Bibliography. Grammars of the Czech language: Dobrovský, Lehrgebäude der böhmischen Sprache (Prague, 1819); Hattala, Srovnávací mluvnice jazyka českého a slovenského (ib., 1857); Gebauer, Hláskosloví jazyka českého (ib., 1876); id., Mluvnice česka pro školy střední (ib., 1890), excellent; id., Historická mluvnice jazyka českého (ib., 1894, 1896-98),—in all four volumes are promised by the author of this epoch-making work; Vymazal, Böhmische Grammatik für deutsche Mittelschulen und Lehrerbildungs - Anstalten (Brünn, 1881)—although somewhat behind latest philological researches, a most practical and simple handbook; Masařík, Böhmische Schulgrammatik (5th ed., Prague, 1890).

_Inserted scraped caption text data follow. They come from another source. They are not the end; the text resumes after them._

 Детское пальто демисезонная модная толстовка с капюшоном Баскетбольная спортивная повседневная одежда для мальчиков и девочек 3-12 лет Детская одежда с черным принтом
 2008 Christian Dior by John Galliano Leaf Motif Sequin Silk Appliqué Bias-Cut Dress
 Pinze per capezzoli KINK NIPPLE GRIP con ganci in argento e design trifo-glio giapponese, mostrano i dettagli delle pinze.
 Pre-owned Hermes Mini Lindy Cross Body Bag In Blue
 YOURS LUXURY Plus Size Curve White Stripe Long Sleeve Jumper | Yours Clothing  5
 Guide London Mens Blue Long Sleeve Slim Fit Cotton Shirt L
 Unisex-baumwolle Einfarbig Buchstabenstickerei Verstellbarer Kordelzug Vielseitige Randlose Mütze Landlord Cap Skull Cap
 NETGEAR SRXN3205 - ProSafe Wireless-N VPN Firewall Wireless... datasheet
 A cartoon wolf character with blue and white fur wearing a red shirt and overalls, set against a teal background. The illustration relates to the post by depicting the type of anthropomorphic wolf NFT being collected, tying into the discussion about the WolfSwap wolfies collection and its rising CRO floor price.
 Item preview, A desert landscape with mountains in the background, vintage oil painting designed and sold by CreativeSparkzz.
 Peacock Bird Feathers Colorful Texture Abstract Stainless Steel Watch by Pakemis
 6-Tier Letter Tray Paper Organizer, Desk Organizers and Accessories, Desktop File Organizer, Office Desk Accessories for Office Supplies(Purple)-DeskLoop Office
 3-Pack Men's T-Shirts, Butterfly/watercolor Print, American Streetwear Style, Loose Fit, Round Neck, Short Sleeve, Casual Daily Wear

Dictionaries of the Czech language: Jungmann, Slovník česko-německý (5 vols., Prague, 1835-39); Čelakovsky, Additions to Jungmann's Dictionary (Prague, 1851); Kott, Böhmisch-deutsches Wörterbuch, especially Grammatico-Phraseological (7 vols., Prague, 1878-93); Sumavský. Böhmisch-deutsches Wörterbuch (3d ed., Prague. 1874); Rank, Taschenwörterbuch der böhmisch-deutschen Sprache (6th ed., Prague, 1895).